Raw disk access tools (dd on Linux, Arsenal Image Mounter for mounting images) can extract the MFT by reading the appropriate sectors. The MFT's starting cluster is defined in the NTFS boot sector at offset 0x30 (8 bytes, little-endian, the cluster number of the $MFT file). To find the byte offset: multiply the starting cluster by the cluster size (also defined in the boot sector). Then read from that offset for the file's total size (defined in the MFT entry 0's $DATA attribute).

For forensic images (E01, raw/dd), mount the image read-only with Arsenal Image Mounter and then use KAPE or FTK Imager to extract the MFT from the mounted volume. The image's write-protection ensures the extraction doesn't modify the evidence.

Compliance Myth: "Extracting the MFT from a live system modifies the evidence — you should only work with disk images"

Extracting the MFT from a live system using KAPE or FTK Imager is a read-only operation on the MFT itself — the tool reads the raw MFT data without modifying it. However, the act of running any tool on a live system causes incidental modifications: the tool's executable is loaded (Prefetch entry created or updated), the tool reads the MFT (potentially updating the MFT's own accessed timestamp), and the output file is written to a destination volume (modifying that volume's MFT and USN Journal). These incidental modifications are expected and documented as part of the collection methodology. They do not invalidate the collected MFT data. Best practice: document the tool used, the version, the command executed, and the timestamp of the collection. Hash the output immediately. These steps establish the integrity of the collected artifact and account for the incidental modifications. Full disk imaging is preferred when time permits, but live MFT extraction is a valid and commonly accepted collection method for triage and rapid response.

Verifying the extraction

Before parsing, verify the extracted MFT is complete and uncorrupted. Four checks:

Hash verification. Compare the SHA256 hash of the extracted file against the hash in the collection log (KAPE generates this automatically in its log file). If the hashes don't match, the file was modified after collection — re-extract from the source.

Size verification. The MFT file size must be an exact multiple of 1,024 (the MFT record size). If the file size is not a multiple of 1,024, the extraction was truncated or padded. Calculate the expected entry count: file size ÷ 1,024. This gives you the total number of MFT entries including reserved entries (0–23) and all user file entries.

Signature spot-check. Open the raw MFT in HxD and navigate to offset 0x000 (entry 0). The first four bytes should be 46 49 4C 45 ("FILE").
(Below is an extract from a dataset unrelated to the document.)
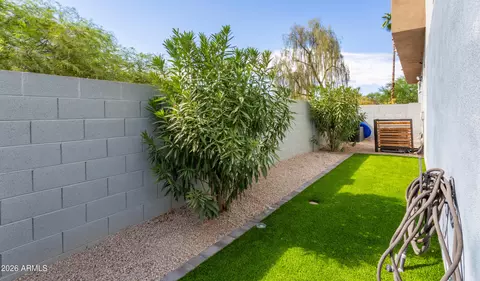 Exterior - 340 E Osborn Rd #1, Phoenix, AZ 85012 photo 7 of 8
Navigate to offset 0x400 (entry 1) — same signature. Navigate to the last entry (file size - 1,024) — same signature. If any entry lacks the "FILE" signature, the MFT is damaged at that location.

Known entry verification. Entry 0 should be the $MFT file itself. Entry 5 should be the root directory. Entry 2 should be $LogFile. Verify by reading the $FILE_NAME attribute in each entry and confirming the expected system filename. If these known entries contain unexpected data, the extraction offset was wrong — the file may start from an incorrect position.

Parsing with MFTECmd

MFTECmd is Eric Zimmerman's MFT parser — the standard tool for converting raw MFT data into analysis-ready CSV output. The basic command:

MFTECmd.exe -f "D:\Evidence\C\$MFT" --csv "D:\Analysis" --csvf "mft_output.csv"

This produces a CSV file with one row per MFT entry (more accurately, one row per $FILE_NAME attribute — entries with multiple $FN attributes produce multiple rows). The key output columns include:

EntryNumber — the MFT entry number (0-indexed). SequenceNumber — the current sequence number for the entry. InUse — whether the entry is currently allocated (True) or freed (False). ParentEntryNumber and ParentSequenceNumber — the parent directory reference from $FN. ParentPath — the resolved path to the parent directory. FileName — the filename from $FN. FnFlags — the $FN namespace (Win32, DOS, Win32+DOS, POSIX).

Created0x10 — $SI Created timestamp. LastModified0x10 — $SI Modified timestamp. LastRecordChange0x10 — $SI Entry Modified timestamp. LastAccess0x10 — $SI Accessed timestamp.

Created0x30 — $FN Created timestamp. LastModified0x30 — $FN Modified timestamp. LastRecordChange0x30 — $FN Entry Modified timestamp. LastAccess0x30 — $FN Accessed timestamp.

The "0x10" columns are $STANDARD_INFORMATION timestamps (the ones attackers modify when timestomping). The "0x30" columns are $FILE_NAME timestamps (the ones set by the NTFS kernel that attackers rarely modify). Both sets are essential for timestomping detection — always ensure your MFTECmd output includes both.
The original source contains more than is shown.